Web page caption snippets
= Beginning of Section =

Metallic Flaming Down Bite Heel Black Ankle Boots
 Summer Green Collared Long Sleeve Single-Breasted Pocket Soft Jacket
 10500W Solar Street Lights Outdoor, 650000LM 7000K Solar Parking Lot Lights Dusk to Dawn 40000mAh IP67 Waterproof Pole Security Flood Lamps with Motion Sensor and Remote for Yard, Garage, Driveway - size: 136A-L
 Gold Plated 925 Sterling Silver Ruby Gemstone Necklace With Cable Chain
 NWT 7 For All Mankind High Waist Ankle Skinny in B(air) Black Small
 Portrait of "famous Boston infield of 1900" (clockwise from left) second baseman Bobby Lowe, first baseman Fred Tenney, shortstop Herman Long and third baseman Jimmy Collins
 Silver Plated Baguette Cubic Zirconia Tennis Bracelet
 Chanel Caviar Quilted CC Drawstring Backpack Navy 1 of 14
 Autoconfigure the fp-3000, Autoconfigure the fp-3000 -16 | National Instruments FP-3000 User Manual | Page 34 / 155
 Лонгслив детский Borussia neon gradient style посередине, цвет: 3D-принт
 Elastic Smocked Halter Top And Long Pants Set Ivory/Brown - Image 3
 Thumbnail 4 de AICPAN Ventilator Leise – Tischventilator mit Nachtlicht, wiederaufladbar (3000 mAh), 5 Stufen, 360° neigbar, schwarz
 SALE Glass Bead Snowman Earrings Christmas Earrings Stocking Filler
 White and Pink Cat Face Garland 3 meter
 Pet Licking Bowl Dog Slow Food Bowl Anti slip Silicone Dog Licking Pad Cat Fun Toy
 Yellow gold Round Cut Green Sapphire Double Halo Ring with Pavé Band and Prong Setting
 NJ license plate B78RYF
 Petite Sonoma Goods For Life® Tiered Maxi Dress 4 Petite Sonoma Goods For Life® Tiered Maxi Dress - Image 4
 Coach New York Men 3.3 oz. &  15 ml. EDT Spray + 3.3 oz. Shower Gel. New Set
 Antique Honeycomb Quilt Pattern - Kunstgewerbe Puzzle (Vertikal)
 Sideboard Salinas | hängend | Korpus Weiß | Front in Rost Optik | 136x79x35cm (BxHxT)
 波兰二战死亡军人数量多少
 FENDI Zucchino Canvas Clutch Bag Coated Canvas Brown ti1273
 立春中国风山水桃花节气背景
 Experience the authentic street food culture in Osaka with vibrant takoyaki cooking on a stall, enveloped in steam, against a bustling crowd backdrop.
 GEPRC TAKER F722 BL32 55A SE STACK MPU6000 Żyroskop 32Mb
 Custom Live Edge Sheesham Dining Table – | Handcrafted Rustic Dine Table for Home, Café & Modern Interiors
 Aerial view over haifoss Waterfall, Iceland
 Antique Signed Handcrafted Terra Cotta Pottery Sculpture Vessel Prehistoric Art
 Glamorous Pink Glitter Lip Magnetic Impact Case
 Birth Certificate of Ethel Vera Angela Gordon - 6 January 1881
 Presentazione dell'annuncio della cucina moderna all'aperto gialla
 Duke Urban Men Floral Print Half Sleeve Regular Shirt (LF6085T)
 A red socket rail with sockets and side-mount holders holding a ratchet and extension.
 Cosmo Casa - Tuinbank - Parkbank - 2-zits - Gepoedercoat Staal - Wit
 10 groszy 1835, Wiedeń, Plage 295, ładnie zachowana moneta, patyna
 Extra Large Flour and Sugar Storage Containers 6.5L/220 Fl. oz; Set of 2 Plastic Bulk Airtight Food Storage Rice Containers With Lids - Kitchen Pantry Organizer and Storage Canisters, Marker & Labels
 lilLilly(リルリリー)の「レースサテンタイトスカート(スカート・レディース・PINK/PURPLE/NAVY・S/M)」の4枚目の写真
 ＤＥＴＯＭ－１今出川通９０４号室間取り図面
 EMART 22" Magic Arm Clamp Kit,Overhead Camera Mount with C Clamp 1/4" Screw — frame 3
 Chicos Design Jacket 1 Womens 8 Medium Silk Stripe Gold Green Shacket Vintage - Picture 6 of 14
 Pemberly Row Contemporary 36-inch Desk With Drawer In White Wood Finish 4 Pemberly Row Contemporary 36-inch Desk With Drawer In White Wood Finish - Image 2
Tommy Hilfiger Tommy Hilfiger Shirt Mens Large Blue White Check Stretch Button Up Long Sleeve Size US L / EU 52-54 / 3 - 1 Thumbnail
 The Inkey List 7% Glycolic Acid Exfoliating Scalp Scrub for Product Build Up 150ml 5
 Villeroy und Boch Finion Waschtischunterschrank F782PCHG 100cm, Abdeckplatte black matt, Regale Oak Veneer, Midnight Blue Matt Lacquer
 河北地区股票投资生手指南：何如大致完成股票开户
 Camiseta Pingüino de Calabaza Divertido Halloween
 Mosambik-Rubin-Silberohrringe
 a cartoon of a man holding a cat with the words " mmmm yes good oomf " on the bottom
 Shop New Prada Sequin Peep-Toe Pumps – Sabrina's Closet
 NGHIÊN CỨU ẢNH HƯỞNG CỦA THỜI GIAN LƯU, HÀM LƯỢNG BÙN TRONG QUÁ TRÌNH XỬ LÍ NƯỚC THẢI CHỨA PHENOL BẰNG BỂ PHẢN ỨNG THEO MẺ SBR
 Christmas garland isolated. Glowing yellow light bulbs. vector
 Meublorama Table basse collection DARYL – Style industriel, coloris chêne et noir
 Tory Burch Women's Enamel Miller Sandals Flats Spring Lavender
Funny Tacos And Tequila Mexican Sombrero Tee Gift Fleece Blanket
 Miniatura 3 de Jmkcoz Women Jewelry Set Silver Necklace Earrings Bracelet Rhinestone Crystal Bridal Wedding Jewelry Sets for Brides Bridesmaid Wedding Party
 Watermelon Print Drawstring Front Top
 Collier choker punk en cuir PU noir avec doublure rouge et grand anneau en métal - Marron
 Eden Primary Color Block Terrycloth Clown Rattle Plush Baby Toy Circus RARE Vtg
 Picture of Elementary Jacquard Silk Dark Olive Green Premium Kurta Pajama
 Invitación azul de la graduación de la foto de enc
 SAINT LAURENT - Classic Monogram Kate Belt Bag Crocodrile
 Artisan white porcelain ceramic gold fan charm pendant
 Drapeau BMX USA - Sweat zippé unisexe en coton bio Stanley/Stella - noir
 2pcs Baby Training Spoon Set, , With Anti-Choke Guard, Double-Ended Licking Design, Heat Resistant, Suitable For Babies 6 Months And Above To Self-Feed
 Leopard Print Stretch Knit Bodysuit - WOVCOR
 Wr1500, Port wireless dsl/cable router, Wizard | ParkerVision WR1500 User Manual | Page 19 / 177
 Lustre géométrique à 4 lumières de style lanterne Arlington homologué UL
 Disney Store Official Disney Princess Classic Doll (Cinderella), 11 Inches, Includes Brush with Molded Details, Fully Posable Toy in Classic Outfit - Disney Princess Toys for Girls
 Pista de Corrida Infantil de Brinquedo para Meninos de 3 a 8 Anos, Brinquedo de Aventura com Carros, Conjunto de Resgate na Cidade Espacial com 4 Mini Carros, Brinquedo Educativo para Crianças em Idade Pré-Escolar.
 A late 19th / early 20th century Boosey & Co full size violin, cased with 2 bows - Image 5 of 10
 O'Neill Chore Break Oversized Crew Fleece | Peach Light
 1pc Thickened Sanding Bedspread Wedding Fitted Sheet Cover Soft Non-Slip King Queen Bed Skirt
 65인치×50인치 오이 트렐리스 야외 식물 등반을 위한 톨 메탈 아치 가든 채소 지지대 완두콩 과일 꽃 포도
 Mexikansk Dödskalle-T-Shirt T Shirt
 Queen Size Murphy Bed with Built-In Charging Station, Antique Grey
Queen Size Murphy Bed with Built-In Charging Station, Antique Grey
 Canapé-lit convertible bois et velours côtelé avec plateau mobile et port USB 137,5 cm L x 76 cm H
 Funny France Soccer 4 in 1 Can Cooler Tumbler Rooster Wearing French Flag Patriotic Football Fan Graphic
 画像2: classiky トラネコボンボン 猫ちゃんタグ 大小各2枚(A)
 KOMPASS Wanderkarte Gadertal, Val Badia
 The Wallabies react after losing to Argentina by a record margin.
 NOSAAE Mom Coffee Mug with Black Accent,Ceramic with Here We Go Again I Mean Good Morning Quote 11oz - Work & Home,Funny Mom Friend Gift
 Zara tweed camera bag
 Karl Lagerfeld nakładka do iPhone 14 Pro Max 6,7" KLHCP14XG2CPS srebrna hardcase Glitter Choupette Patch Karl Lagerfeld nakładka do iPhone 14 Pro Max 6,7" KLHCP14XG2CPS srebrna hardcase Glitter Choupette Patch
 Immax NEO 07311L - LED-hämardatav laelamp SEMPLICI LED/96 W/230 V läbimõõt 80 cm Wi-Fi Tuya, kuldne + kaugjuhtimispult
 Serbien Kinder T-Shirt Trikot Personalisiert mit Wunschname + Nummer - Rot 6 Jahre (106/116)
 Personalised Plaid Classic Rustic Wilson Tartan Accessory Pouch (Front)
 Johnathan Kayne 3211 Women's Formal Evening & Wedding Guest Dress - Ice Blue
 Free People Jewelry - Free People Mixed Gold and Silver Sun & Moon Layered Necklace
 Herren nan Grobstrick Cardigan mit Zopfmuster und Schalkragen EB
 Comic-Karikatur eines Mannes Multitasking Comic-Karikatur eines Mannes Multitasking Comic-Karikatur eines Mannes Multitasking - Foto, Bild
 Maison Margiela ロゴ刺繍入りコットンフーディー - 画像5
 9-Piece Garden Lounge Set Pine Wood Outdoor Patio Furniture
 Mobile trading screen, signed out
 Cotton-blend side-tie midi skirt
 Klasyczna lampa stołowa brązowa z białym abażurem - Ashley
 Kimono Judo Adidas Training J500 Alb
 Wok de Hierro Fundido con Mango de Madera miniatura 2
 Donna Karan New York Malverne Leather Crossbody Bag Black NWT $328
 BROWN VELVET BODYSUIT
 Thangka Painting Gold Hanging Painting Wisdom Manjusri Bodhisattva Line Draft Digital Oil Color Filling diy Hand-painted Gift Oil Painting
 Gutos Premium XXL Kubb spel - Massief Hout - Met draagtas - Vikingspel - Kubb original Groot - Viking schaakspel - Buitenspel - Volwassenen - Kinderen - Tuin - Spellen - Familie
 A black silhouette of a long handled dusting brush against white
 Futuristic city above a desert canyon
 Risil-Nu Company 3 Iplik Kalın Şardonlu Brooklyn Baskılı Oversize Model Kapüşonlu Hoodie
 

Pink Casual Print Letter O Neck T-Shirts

= End of Section =

Copy the lines of the data above exactly as written, beginning with the line containing "NWT 7 For All" and ending with the line containing "立春中国风山水桃花节气背景", and leave out all other lines.

 NWT 7 For All Mankind High Waist Ankle Skinny in B(air) Black Small
 Portrait of "famous Boston infield of 1900" (clockwise from left) second baseman Bobby Lowe, first baseman Fred Tenney, shortstop Herman Long and third baseman Jimmy Collins
 Silver Plated Baguette Cubic Zirconia Tennis Bracelet
 Chanel Caviar Quilted CC Drawstring Backpack Navy 1 of 14
 Autoconfigure the fp-3000, Autoconfigure the fp-3000 -16 | National Instruments FP-3000 User Manual | Page 34 / 155
 Лонгслив детский Borussia neon gradient style посередине, цвет: 3D-принт
 Elastic Smocked Halter Top And Long Pants Set Ivory/Brown - Image 3
 Thumbnail 4 de AICPAN Ventilator Leise – Tischventilator mit Nachtlicht, wiederaufladbar (3000 mAh), 5 Stufen, 360° neigbar, schwarz
 SALE Glass Bead Snowman Earrings Christmas Earrings Stocking Filler
 White and Pink Cat Face Garland 3 meter
 Pet Licking Bowl Dog Slow Food Bowl Anti slip Silicone Dog Licking Pad Cat Fun Toy
 Yellow gold Round Cut Green Sapphire Double Halo Ring with Pavé Band and Prong Setting
 NJ license plate B78RYF
 Petite Sonoma Goods For Life® Tiered Maxi Dress 4 Petite Sonoma Goods For Life® Tiered Maxi Dress - Image 4
 Coach New York Men 3.3 oz. &  15 ml. EDT Spray + 3.3 oz. Shower Gel. New Set
 Antique Honeycomb Quilt Pattern - Kunstgewerbe Puzzle (Vertikal)
 Sideboard Salinas | hängend | Korpus Weiß | Front in Rost Optik | 136x79x35cm (BxHxT)
 波兰二战死亡军人数量多少
 FENDI Zucchino Canvas Clutch Bag Coated Canvas Brown ti1273
 立春中国风山水桃花节气背景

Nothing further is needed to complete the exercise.